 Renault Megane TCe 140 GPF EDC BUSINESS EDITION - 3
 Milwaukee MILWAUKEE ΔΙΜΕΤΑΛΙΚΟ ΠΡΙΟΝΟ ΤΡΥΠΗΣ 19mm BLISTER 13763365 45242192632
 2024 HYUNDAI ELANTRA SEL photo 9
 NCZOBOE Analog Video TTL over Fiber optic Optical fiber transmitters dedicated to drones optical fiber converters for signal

* * *

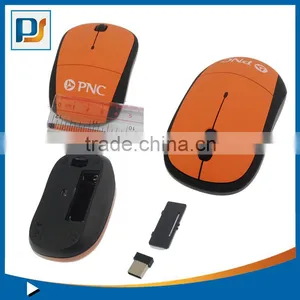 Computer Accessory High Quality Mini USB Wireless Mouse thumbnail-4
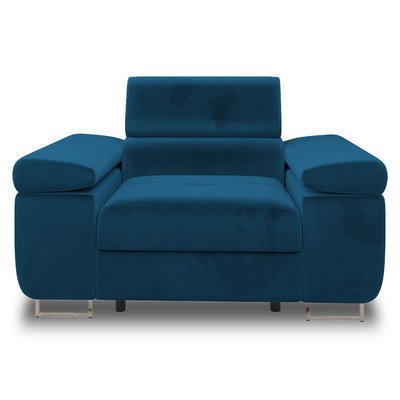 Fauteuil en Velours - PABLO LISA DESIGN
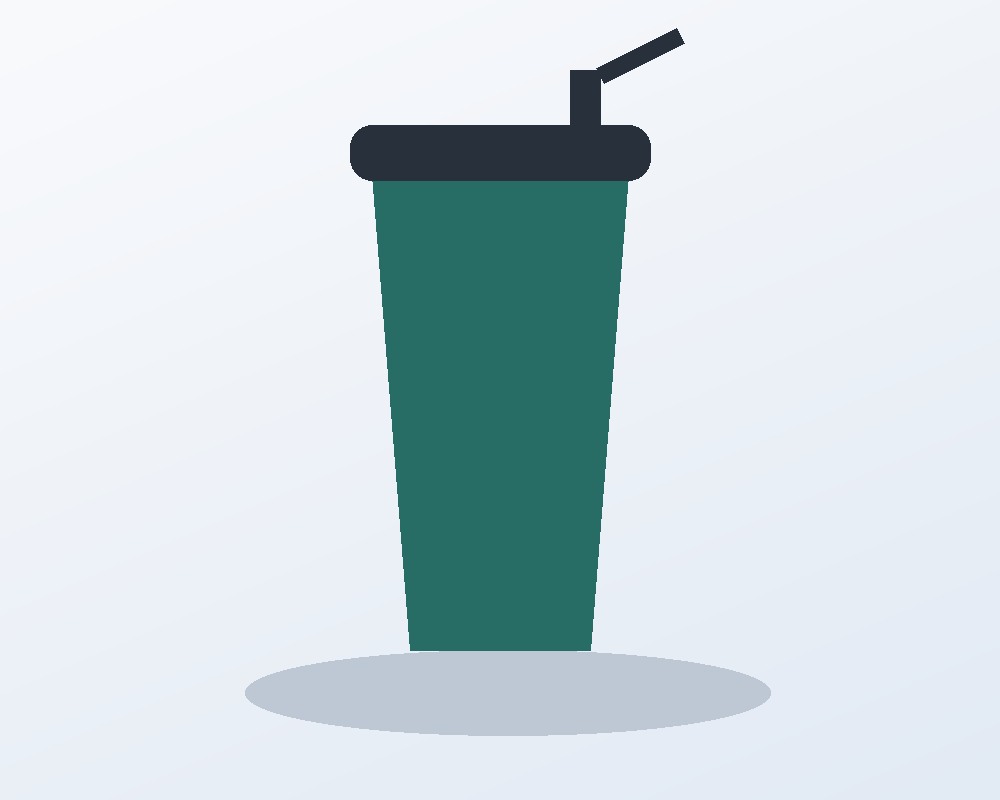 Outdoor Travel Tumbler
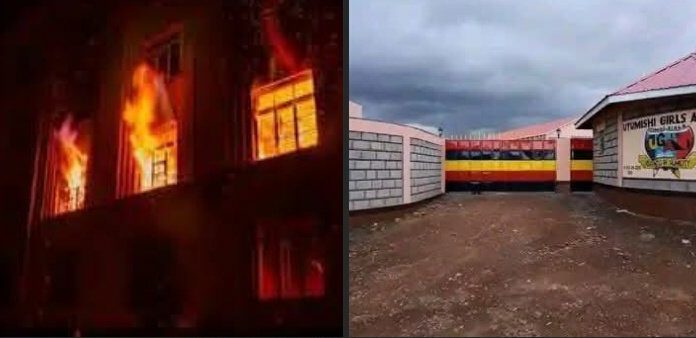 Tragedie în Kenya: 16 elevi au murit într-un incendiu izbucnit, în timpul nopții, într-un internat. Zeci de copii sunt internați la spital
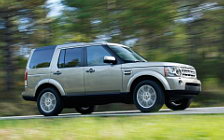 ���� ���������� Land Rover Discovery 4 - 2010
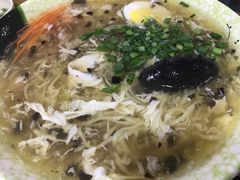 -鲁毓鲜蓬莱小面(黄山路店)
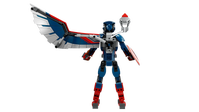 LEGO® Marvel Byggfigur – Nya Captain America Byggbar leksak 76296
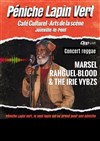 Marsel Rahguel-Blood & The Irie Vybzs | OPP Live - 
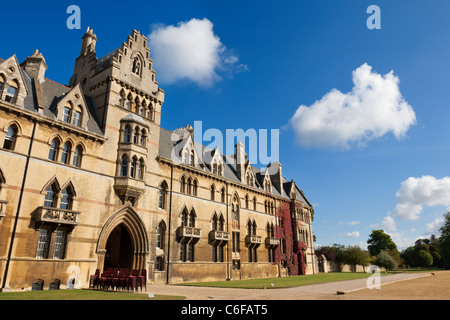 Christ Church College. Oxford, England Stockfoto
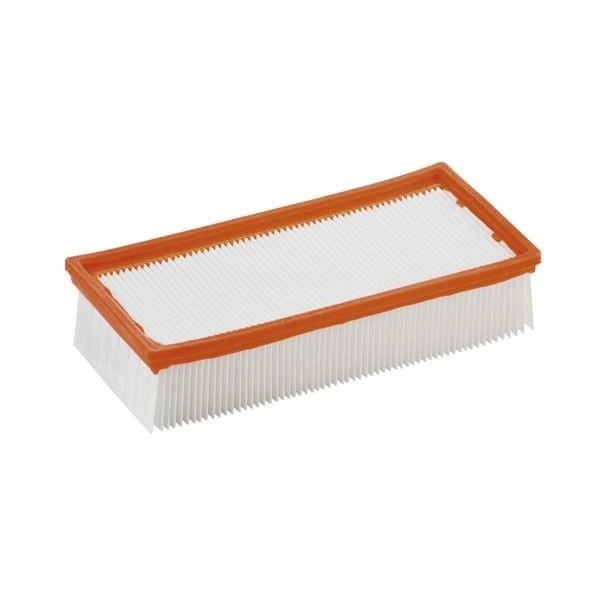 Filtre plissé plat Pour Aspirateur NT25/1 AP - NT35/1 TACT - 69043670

---

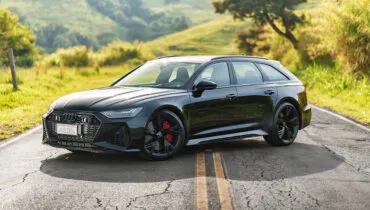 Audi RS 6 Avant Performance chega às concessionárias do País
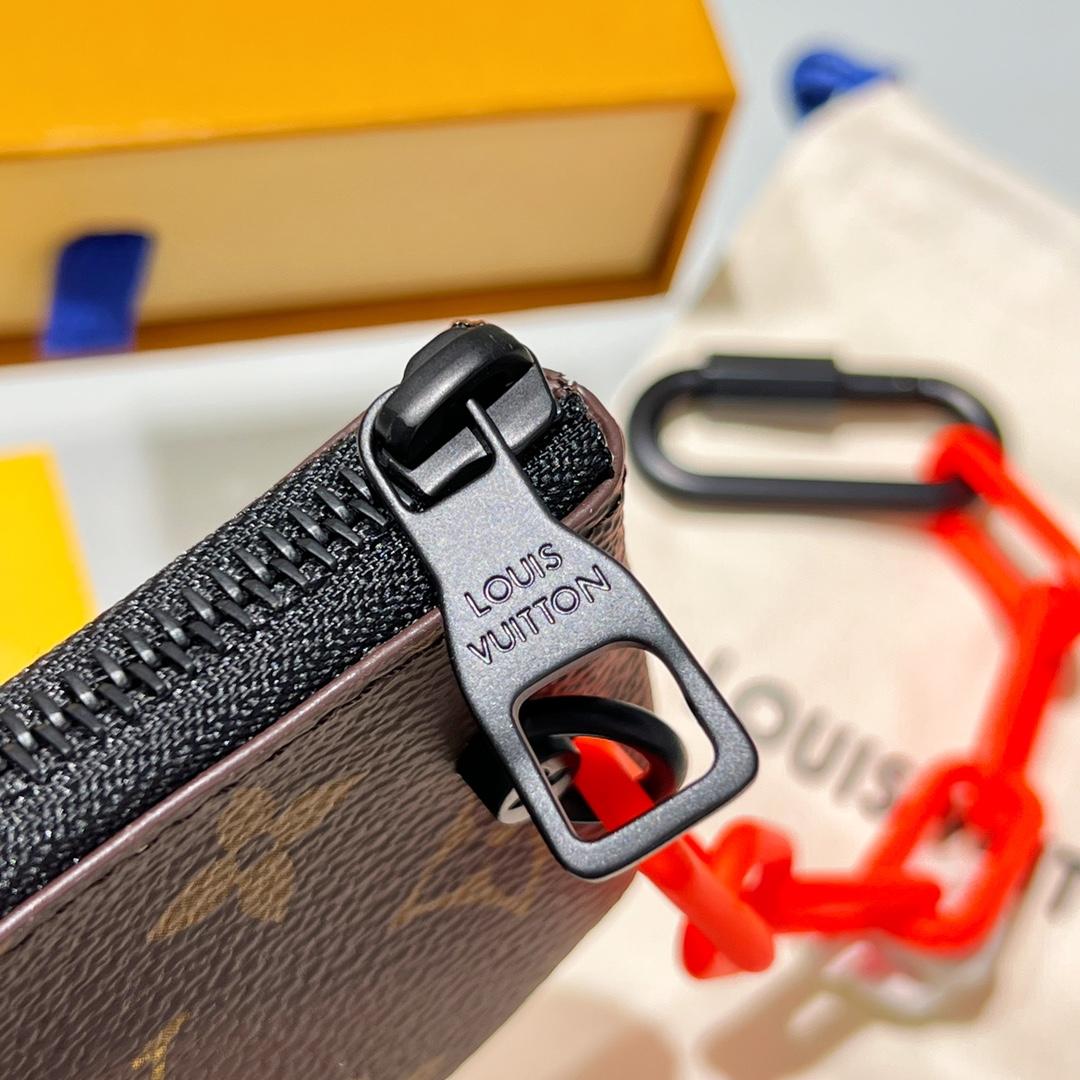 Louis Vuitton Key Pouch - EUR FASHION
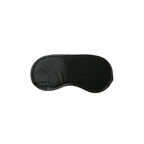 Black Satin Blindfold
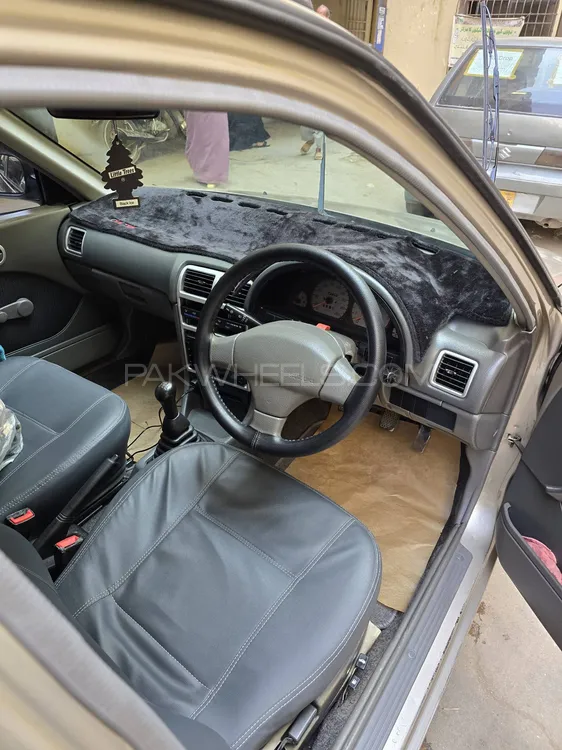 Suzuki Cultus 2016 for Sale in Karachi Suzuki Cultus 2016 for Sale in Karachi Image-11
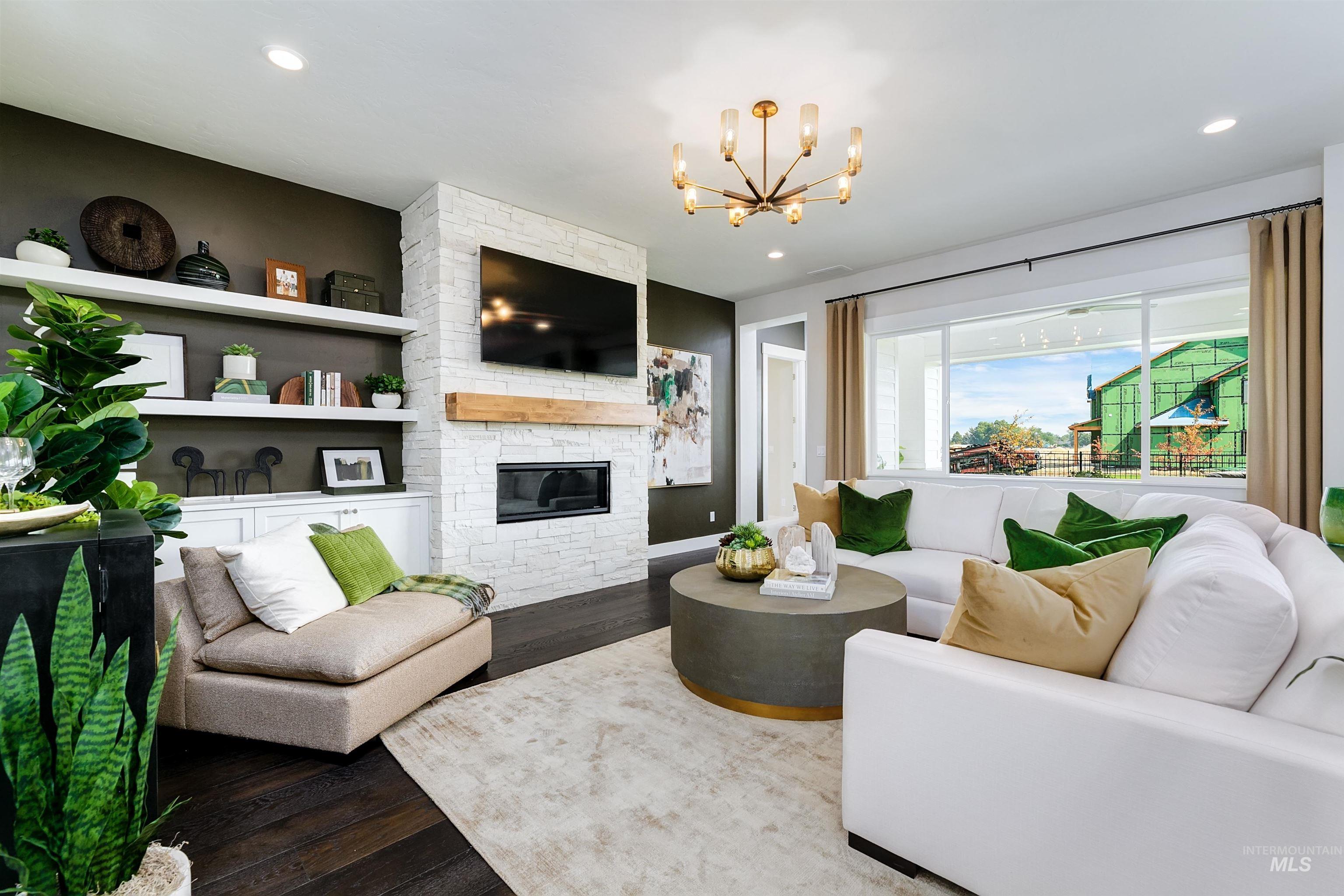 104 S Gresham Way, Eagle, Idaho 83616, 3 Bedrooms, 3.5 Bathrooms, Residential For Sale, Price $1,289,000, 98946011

> _Work item_
Reproduce the entries above exactly, but only the lines between the line holding "2024 HYUNDAI ELANTRA SEL photo 9" and the line holding "NCZOBOE Analog Video", inclusive.

> _Reply_
 2024 HYUNDAI ELANTRA SEL photo 9
 NCZOBOE Analog Video TTL over Fiber optic Optical fiber transmitters dedicated to drones optical fiber converters for signal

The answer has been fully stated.